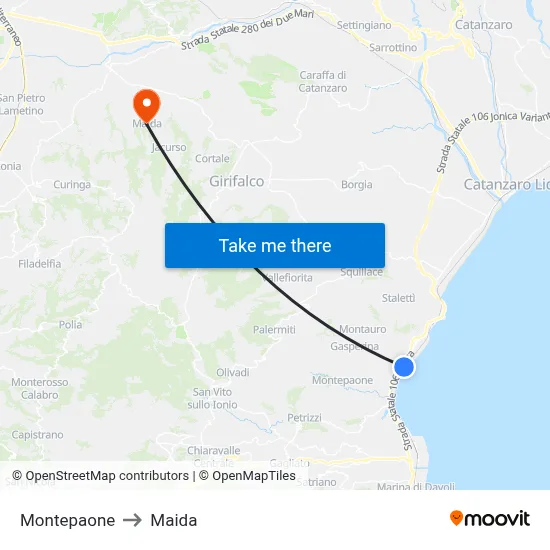 Montepaone to Maida map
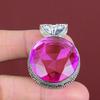 Fasetterad rosa turmalin ädelstenshänge handgjort vintagehänge 925 sterlingsilverhänge antika smycken presenter till honom snyggt hänge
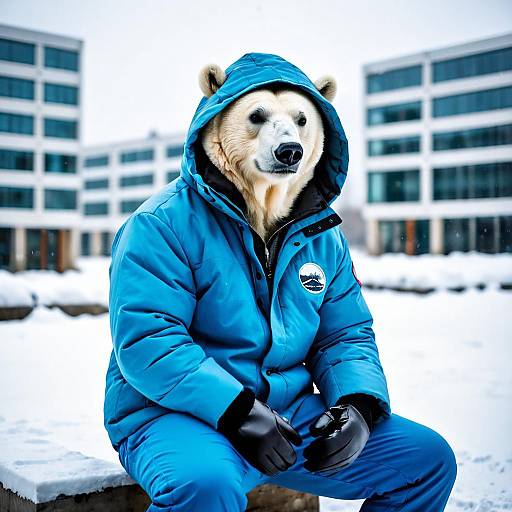 Polar Bear Solo in Blurry Snow Scene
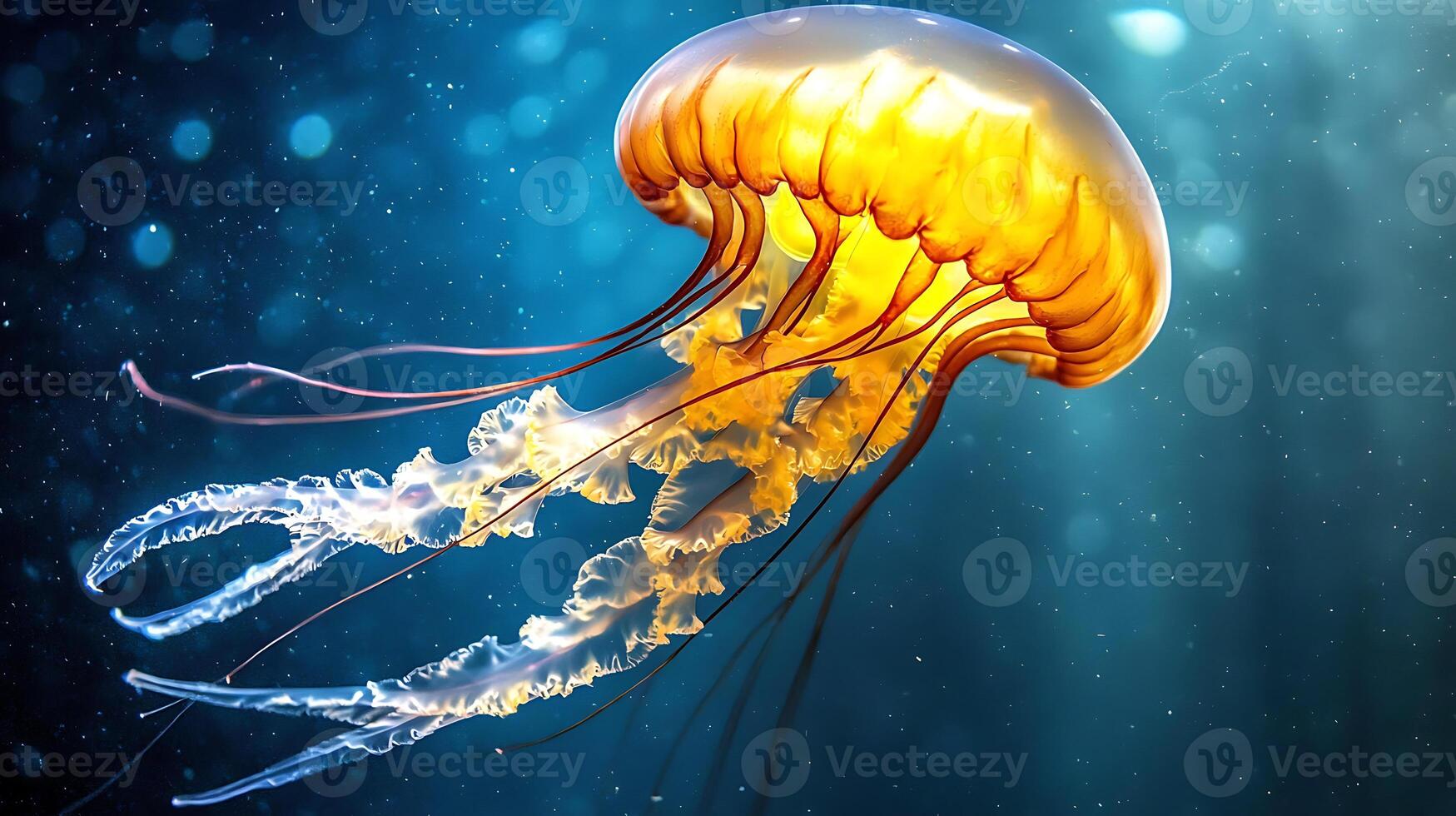 vibrant underwater photo of glowing jellyfish, showcasing its delicate tentacles and luminous body, creating mesmerizing scene in ocean depths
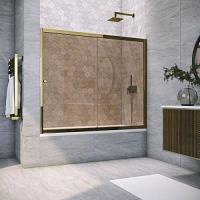 Душевая шторка на ванную профиль бронза стекло бронза Vegas-glass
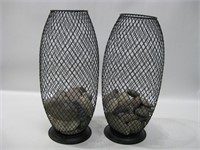2 - 19" Wire Basket Vases With Stones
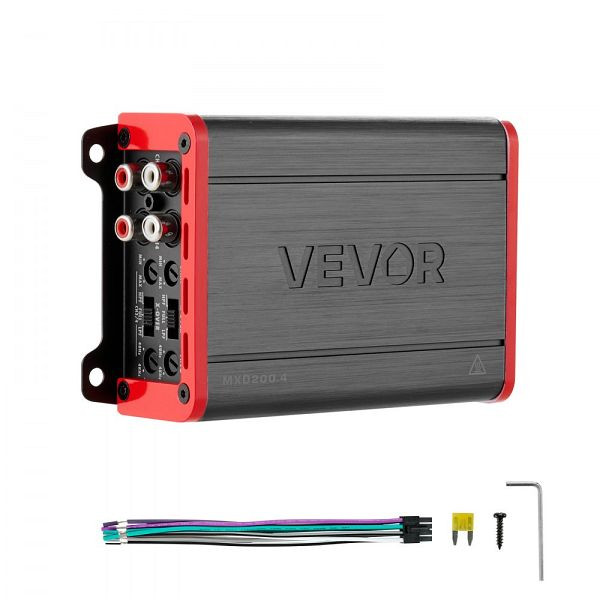 VEVOR 4-Kanal Autoverstärker, Klasse D, 4x120W 4 Ohm / 4x200W 2 Ohm, Hochleistungsverstärker für SUV und Geländewagen, 4TDDL4X100WRWVLBS001V9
□ □ □ □ □ □ □
= Exercise requirements =
Please print the lines exactly, from the top of the material through the line with "Polar Bear Solo in Blurry Snow Scene", and omit the pictures.

= Response area =
 Montepaone to Maida map
 Fasetterad rosa turmalin ädelstenshänge handgjort vintagehänge 925 sterlingsilverhänge antika smycken presenter till honom snyggt hänge
 Polar Bear Solo in Blurry Snow Scene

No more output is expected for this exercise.